Violich, now 74 and living in Montecito, owns the property along with 12 other family members, ranging in age from their 20s to their 70s and scattered across the United States. Just four of the owners still live in California.

“It just seemed the time was right (to sell),” ?she said.

An acreage of rolling terrain nearly the size of San Francisco, the working ranch features cattle and timber operations; a 10-bedroom, 5-bathroom main house; and a 16.5-mile stretch of the Eel River. It also includes four other homes; two bunkhouses; and the requisite corrals, barns and other outbuildings.

The 800 head of cattle are being sold separately.

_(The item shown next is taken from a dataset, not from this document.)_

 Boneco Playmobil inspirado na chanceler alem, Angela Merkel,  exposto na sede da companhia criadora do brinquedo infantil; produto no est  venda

Home to blacktail deer, pigs, elk, bears and quail - and the salmon and steelhead that swim in the Eel River’s waters - Northcoast Regional Land Trust executive director Dan Ehresman called the property “incredibly significant” from an environmental standpoint. It is a rarity in a time when such massive tracts of land are increasingly broken up into smaller plots and sold off to cannabis farmers, seeking to cash in on the crop.

The Witter family hopes the property will go to a buyer that will care for it and respect the land in the same manner they have for more than 70 years, Violich said.

It is the place where she learned to ride a horse as a girl; where she and her cousins would carry a metal canoe down to the cool waters of the Elk River; where her dad would go in the fall for hunting parties; where she would head out with the cowboys on roundups; and where the Southern Pacific Railroad bell notched in a tree near the main house would ring every day, 15 minutes before meal time.

Formed through three separate purchases in 1942, family legend has it Witter was looking for land because it was the middle of World War II, and raising beef cattle might be a way to help the war effort.

“It is an extremely significant property, given its size,” Ehresman said. “I mean, we really don’t see any properties like this coming on the market very often. It really does represent a very unique opportunity from the land trust perspective.”